Published online by Cambridge University Press: 03 July 2019
IF PRESSED TO OFFER some sort of a conclusion after the foregoing chapters, it might be something along the following lines. The ballad is what Douglas Gray calls a ‘simple form’ (in musical as well as textual terms), and it is also a backward-looking form, resistant to literary modernity in terms of both style and substance. The ballad, so to speak, carries with it, right to the present day, its own generic past. Those same characteristics have imbued the genre with the flexibility to endure for a very long time and to bear the appearance of a substantially unchanging form. The fact that a few individual ballads actually were around at the end of the Middle Ages, and rather more looked as if they might possibly have been, enabled scholars like Thomas Percy, Walter Scott, Francis James Child, Cecil Sharp, and A. L. Lloyd, from their different perspectives, to identify and theorize continuity. But the same simple form was proving just as adaptable to the production of early modern political ballads and satirical libels, and then to ballads about things like shipwrecks and the opening of new railway lines, which proved mostly less enduring and which have to date attracted less scholarly attention. That is beginning to change now and researchers are starting to engage with ballads in the wider contexts of street literature and popular literary and musical culture.
There is no harm in scholars having singled out for study those ballads that can be linked in some way to the collectanea of the Romantic and the late Victorian and Edwardian periods.

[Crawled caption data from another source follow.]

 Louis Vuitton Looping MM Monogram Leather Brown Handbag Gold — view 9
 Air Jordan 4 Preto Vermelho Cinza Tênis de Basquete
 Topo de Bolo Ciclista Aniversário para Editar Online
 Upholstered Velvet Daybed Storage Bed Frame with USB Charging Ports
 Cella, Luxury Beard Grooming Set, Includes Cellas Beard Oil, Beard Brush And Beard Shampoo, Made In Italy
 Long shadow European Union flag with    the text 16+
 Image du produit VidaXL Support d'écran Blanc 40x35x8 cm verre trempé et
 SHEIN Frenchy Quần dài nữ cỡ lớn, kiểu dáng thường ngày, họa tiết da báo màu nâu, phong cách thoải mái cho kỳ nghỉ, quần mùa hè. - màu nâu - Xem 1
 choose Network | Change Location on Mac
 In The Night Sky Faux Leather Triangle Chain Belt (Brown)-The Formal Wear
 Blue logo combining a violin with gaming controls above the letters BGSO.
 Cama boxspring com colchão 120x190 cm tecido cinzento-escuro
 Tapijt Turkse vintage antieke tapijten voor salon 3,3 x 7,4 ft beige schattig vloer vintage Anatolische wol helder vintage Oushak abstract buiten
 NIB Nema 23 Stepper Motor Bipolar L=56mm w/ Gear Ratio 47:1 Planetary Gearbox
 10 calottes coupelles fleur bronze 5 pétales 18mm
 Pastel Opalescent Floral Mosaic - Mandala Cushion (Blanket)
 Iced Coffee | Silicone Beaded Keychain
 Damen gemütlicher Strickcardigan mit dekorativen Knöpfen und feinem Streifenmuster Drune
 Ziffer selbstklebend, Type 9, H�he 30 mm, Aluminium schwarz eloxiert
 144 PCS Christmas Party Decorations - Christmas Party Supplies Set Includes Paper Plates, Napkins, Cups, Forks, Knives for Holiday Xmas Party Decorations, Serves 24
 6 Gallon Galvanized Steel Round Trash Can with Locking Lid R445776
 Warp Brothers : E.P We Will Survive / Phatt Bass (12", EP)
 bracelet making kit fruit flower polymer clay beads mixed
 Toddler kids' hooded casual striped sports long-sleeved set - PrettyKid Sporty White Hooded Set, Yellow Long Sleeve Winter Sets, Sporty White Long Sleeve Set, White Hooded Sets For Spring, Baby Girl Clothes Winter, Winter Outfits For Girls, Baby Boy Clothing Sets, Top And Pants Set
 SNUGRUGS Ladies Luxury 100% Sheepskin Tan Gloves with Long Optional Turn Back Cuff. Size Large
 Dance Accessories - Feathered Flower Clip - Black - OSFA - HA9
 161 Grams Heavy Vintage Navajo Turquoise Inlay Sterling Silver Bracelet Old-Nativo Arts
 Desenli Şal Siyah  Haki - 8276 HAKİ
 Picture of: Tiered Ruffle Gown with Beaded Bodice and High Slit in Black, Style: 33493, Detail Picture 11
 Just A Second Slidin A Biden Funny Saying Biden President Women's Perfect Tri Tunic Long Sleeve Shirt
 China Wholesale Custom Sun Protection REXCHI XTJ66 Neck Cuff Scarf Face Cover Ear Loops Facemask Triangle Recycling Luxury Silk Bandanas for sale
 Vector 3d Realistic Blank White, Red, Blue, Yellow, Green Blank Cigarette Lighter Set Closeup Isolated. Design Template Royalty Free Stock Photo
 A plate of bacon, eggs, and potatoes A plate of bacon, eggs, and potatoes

Indeed, there is good reason for their having done so, frequently on aesthetic grounds, but also because they constitute a corpus of songs that held a value for working men and women, especially in the decades running up to the First World War, in the face of rapid social and cultural change. But there are two points to bear in mind here. (i) Those ballads that were actually current in earlier times did not necessarily carry the same cultural status then as they did at this later date, once they had come to be particularly valued for their perceived age. (ii) Both early and late, all of the ballads shared often exactly the same cultural marketplace with all sorts of other verses and songs.